My tinfoil is that Apple banned this specifically because you can use it to get a desktop on iPadOS, which offends their "fingers can't touch mouse apps" sensibilites.
Far more likely that Apple doesn't like emulators because they allow for the distribution of software that bypasses the 30% revenue cut, as well as enabling content that they don't want (adult content, extreme political content, etc.)
It likewise seems clear that Apple relented in this case because a not-particularly-easy-to-use, interpreter-only PC emulator doesn't enable anything that isn't already possible with a Web app.
And I actually do have evidence for my conspiracy theory: iDOS 2. Apple was perfectly fine with it up until someone in tech media posted a guide on how to run ancient versions of Windows on it, then they pulled the app.
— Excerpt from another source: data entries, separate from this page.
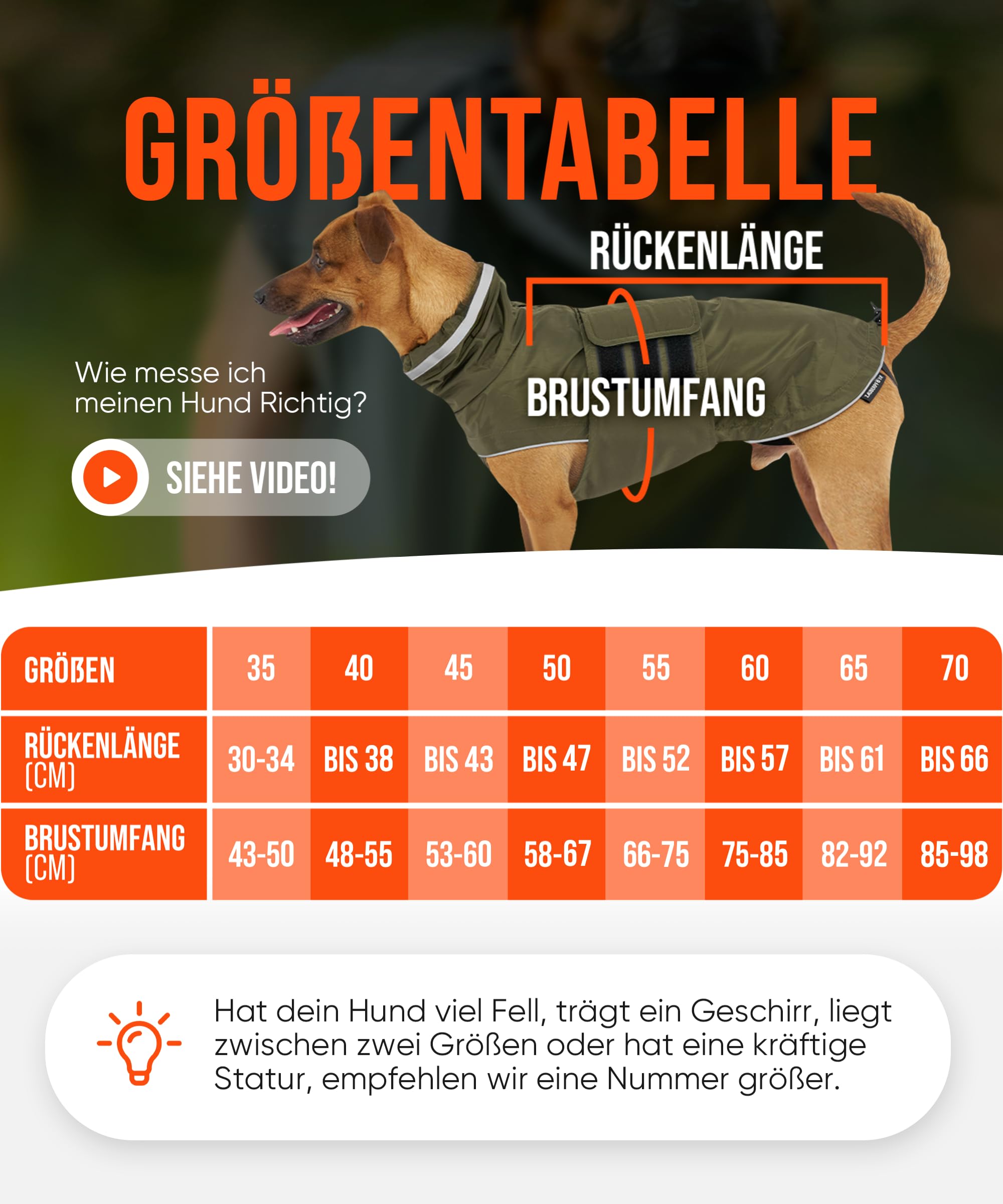 Hunderegenmantel London I Mit extra langem YKK® Reißverschluss für Halsband & Geschirr I Für kleine, mittlere & große Hunde I Wasserdicht & Maschinenwaschbar I Regenmantel für Hunde (45)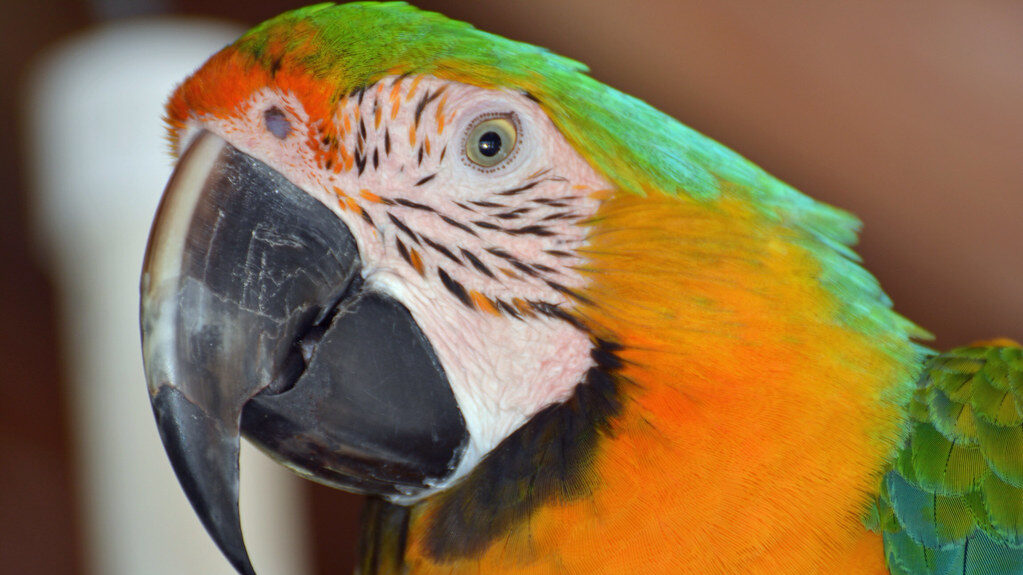 yellow and green Parrot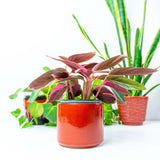 1960s Carstens Tönnishof WGP CERAMIC PLANTER, high glossy fire red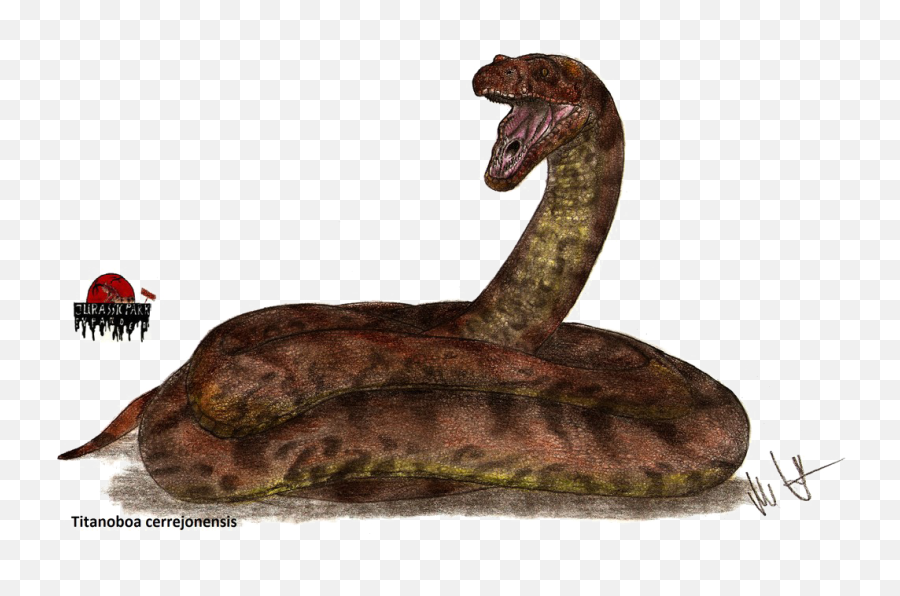 Titanoboa Snake Png Image Background Arts - Jurassic Park Snake,Cartoon Snake Png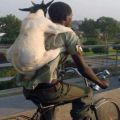 ecf68-goat2bon2bbike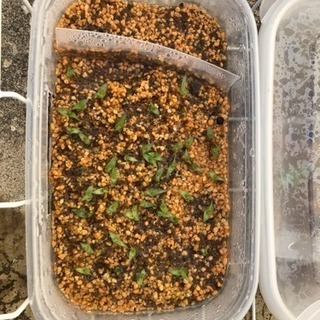 観葉植物好きな方 - 越前市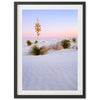 a framed photograph of a desert landscape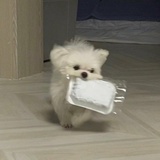 筠
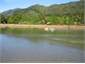 Canoeing on the Inlet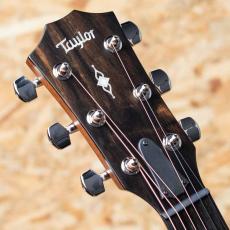 Taylor 314c_8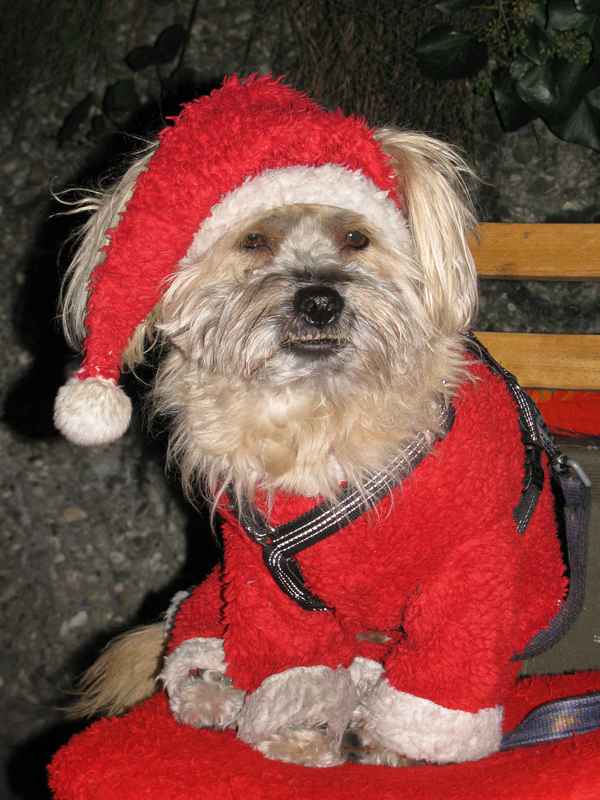 Weihnachtshund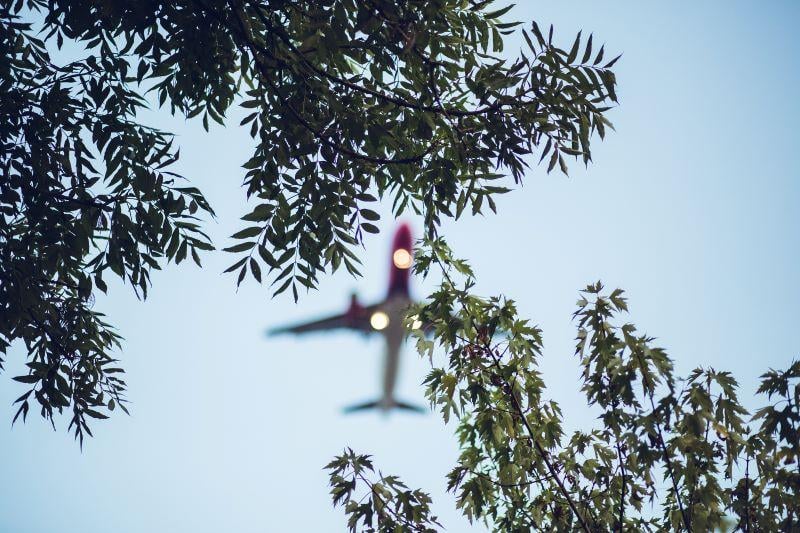 airplane over trees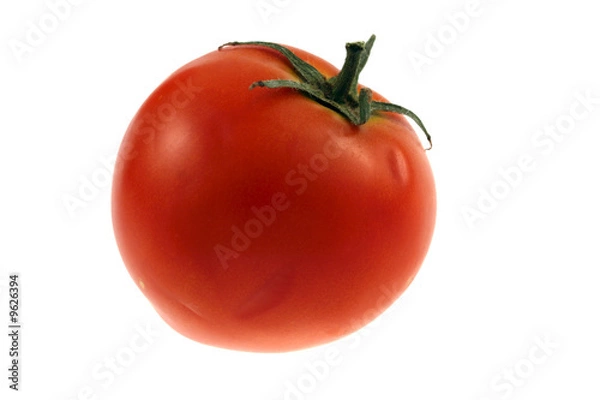 Fototapeta An isolated tomato on a white background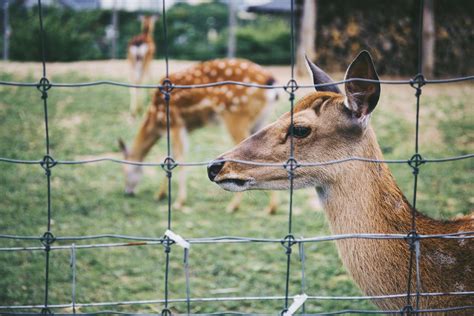 5 Different Types of Deer Fencing and How to Choose One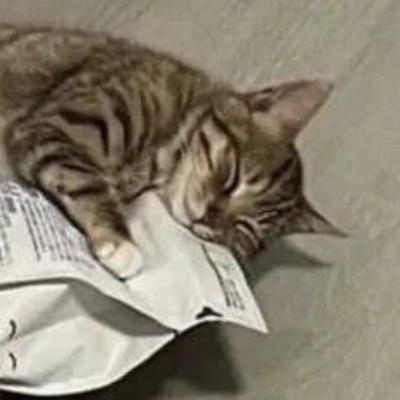 咕咕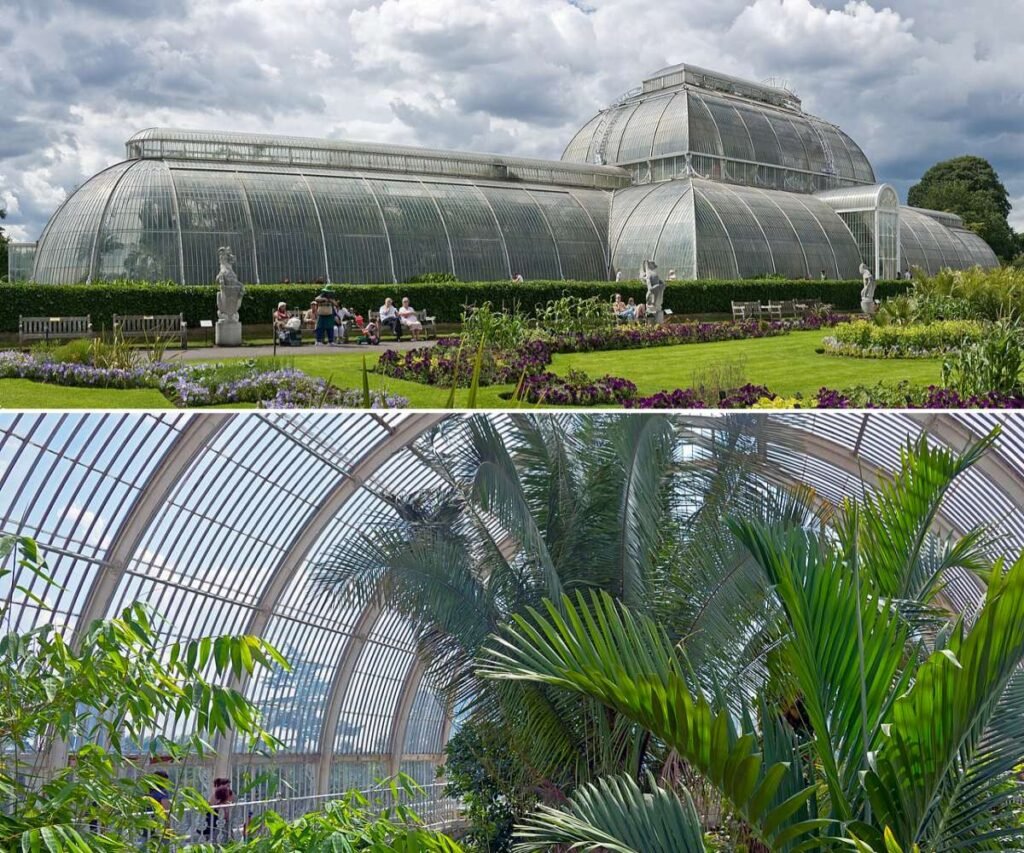 The Palm House at Royal Botanic Gardens, Kew and The Interior of Palm House
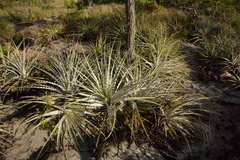 Encholirium spectabile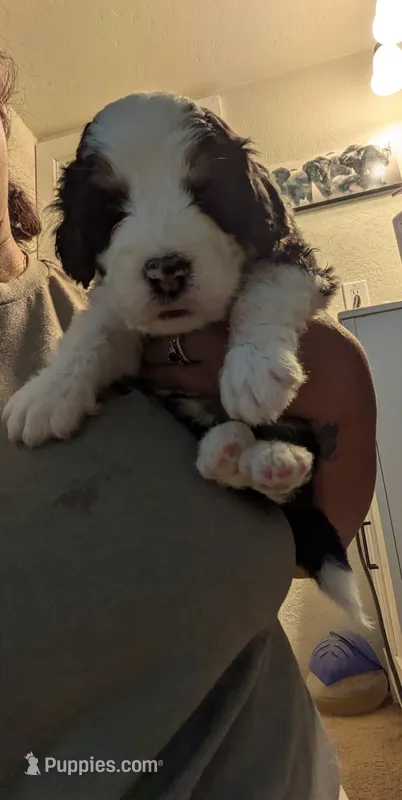 Maverick  – Bernedoodle puppy for sale in Pueblo West, CO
Furthermore, "fingers shall not touch mouse apps" was a Jobs decree. It's specifically the reason why Apple got into touch UI. Jobs designed the iPad out of spite due to a friend of his who was on the Windows tablet team around the turn of the millennium. Jobs was so angry that they were just putting Windows on a tablet - and handing people styluses to work around the small touch targets on XP - that he made Apple design a tablet computer demo around finger-only UI. That was then grafted onto the Purple project (which at that point was a clickwheel iPod with a phone modem in it) and we got the iPhone.
So my suspicion is that Apple has an internal "things which make Jobs spin in his grave" list that they would never allow, come hell, high water, or the European Union's antitrust regulators.